Согласимся, странно было бы революционерам, по полжизни проведшим в ссылках и тюрьмах, приходить к власти, чтобы сохранить в той или иной форме ту реальность, тот "замечательный" порядок, против которого они всю жизнь боролись. Так что Россия, благодаря большевикам и лично товарищу Сталину, спаслась лишь "постольку, поскольку" — поскольку российское общество того времени оказалось достаточно пластичным, чтобы трансформироваться в новое качество — Советскую Россию под кодовым названием СССР.
Вот и сегодня говорить о спасении исторической России можно только через призму будущей трансформации — достаточно ли адаптивным окажется наше общество, чтобы перейти в новое качество, предложить миру новую модель развития, чтобы жить, или останется в старом — чтобы умереть.

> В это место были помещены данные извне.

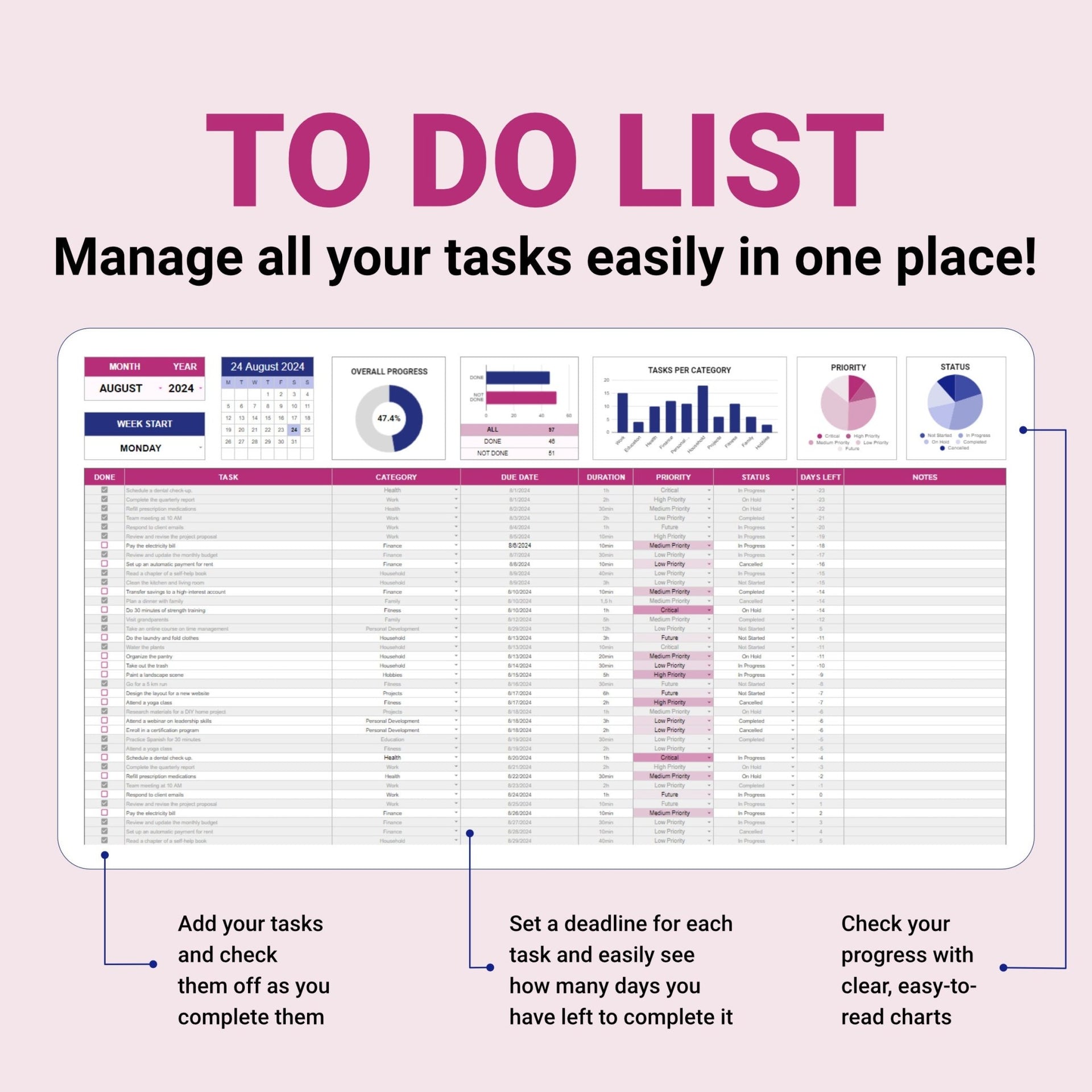 To Do List with Smart Calendar - Organization Masters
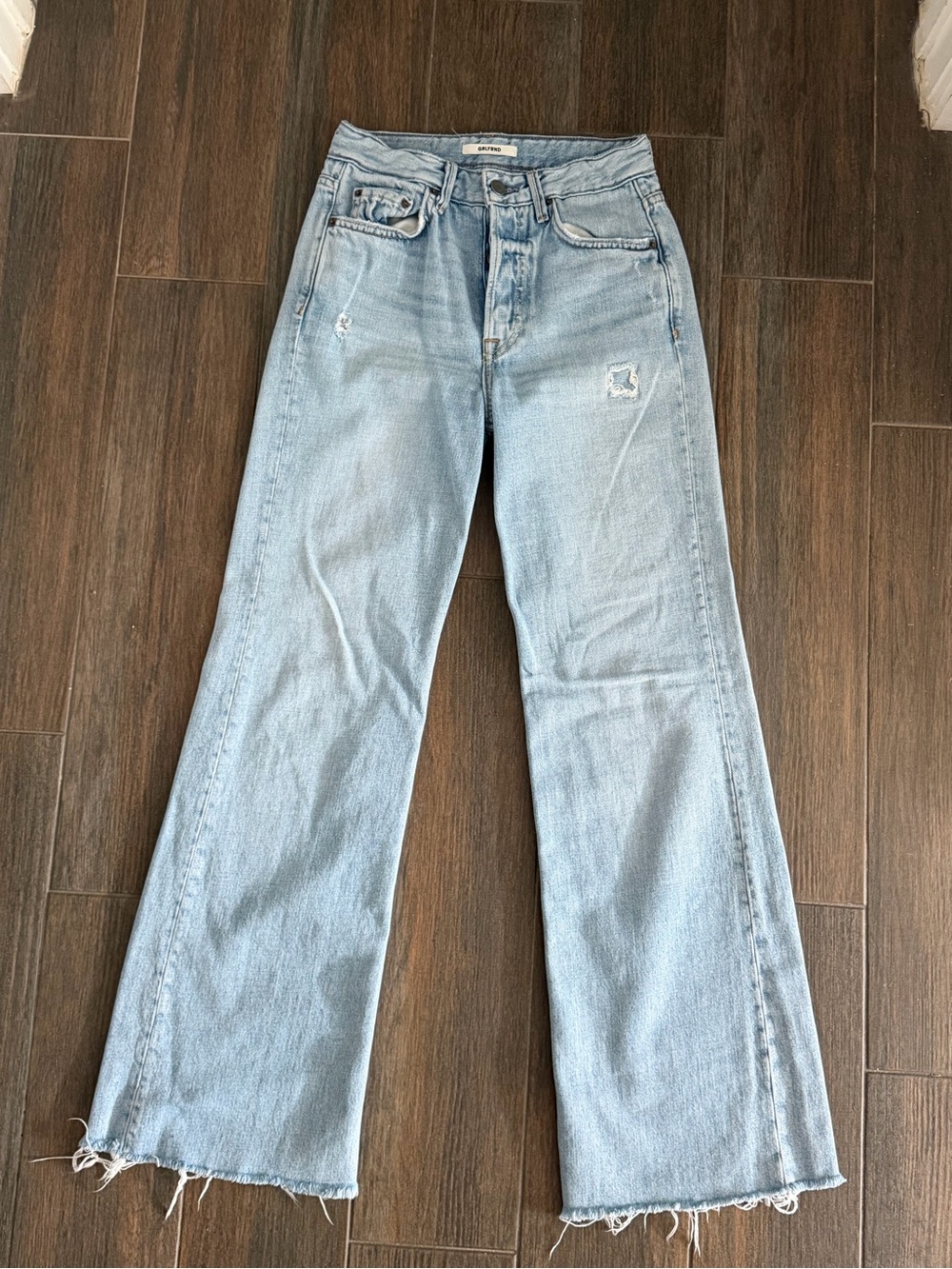 GRLFRND Carla Light Blue Wide-Leg Distressed Jeans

И очень странно, что все наши "реформаторы": и от власти (что еще понятно), и от оппозиции (что уже выглядит диковато), — оперируют категориями и понятиями, практически полностью взятыми из прошлой исторической эпохи, и прошлого, а то и позапрошлого века — как будто те же пролетарии, что устроили серию европейских революций 1848 года, будут бороться с буржуазией, дошедшей с тех пор практически в неизмененном состоянии. И все дружненько пытаются налить молодое вино революции в старые мехи прежних представлений об общественном устройстве.
Прежний Сталин невозможен сегодня потому, что сам способ производства, который должен прийти на смену нынешнему, предполагает очень высокую степень свободы — куда большую, чем в индустриальном обществе. "Новая централизация" возможна и неизбежна как инструмент спасения и ухода от тотальной катастрофы, но с той целью, чтобы дать обществу и индивидууму новую степень свободы. Вообще всю историю человеческого прогресса можно представить как обретение все новых и новых степеней свободы, и каждому новому способу производства соответствовала все большая степень свободы производительных сил, которая по новому сочеталась с централизмом. Рост степеней свободы — это условие технического и социального прогресса. Поэтому новый централизм должен обеспечивать и качественно новые рамки творческой и индивидуальной свободы.
Сталинская "шарашка" оказалась эффективной для создания старого технологического качества — в "шарашках" очень удачно копировали зарубежные образцы в рамках догоняющего развития, но самостоятельного прогресса несвободный творец обеспечить не мог, как не могли крепостные крестьяне в предыдущую эпоху обеспечить должного уровня культуры производства на демидовских заводах, и пришлось иметь дело с лично свободным пролетариатом, профсоюзами и на финал — с РСДРП.
Так и Сталину пришлось создавать новые КБ и НИИ с новым человеческим материалом. И там, кстати, существовала — при "тиране" Сталине —степень свободы, в целом невозможная для современного им общества. И, кстати, не случайно инженерно-технические работники из этих структур в более позднюю эпоху приняли такое активное участие в "демократических преобразованиях", хотя тем самым они своими руками наносили смертельный удар по финансированию собственных КБ и НИИ. Но для них это была актуализация внутренней потребности в свободе, которая объективно оказалась губительной и для структур, которые породили всех этих "доцентов с кандидатами", и для них самих. Но губительно — в рамках отжившей системы, поскольку, как сказано, молодое вино разрывает старые мехи и проливается на землю.
Поэтому сама постановка вопроса о новой мобилизации и новом централизме мне представляется очень и очень небесспорной. Мы пытаемся через опыт Сталина, бывший успешным в иной исторической реальности, смоделировать будущую трансформацию. Ну всё равно, как если бы для восстановления Саяно-Шушенской ГЭС нам потребовался бы новый Хеопс.
Мы прозевали появление на исторической арене новых акторов — нового паразитического класса, сформировавшегося из смеси советской номенклатуры и постсоветской олигархии, который, как уже заметил Максим Калашников, не имеет никакого отношения к классу буржуазии — классу, уже давно потерявшему роль ведущей исторической силы и отошедшему на вторые роли — вместе с классическим промышленным пролетариатом, каким его описывали Маркс и Энгельс. Уже Ленин говорил об империализме как новой фазе развития капитализма, но мы, повторяя его слова, не хотим отдавать себе отчета в том, что Ленин не мог описать ни новых производительных сил, ни возникающих на их основе и вокруг них новых производственных отношений и новых классов, которых при жизни Ленина еще просто не было.
А кто станет "новым пролетариатом", который поведет за собой исторический прогресс? Почему до сих пор этот новый класс не проявляет себя на арене истории? Что станет новым побудительным мотивом к труду, если не прямое насилие и не насилие экономическое?
Хотим мы или не хотим, но мы должны, прежде чем говорить о личности в истории, сформировать какой-то образ будущего — и от того, насколько он будет отражать реальную общественную трансформацию, будет зависеть успех безнадежного мероприятия по спасению России.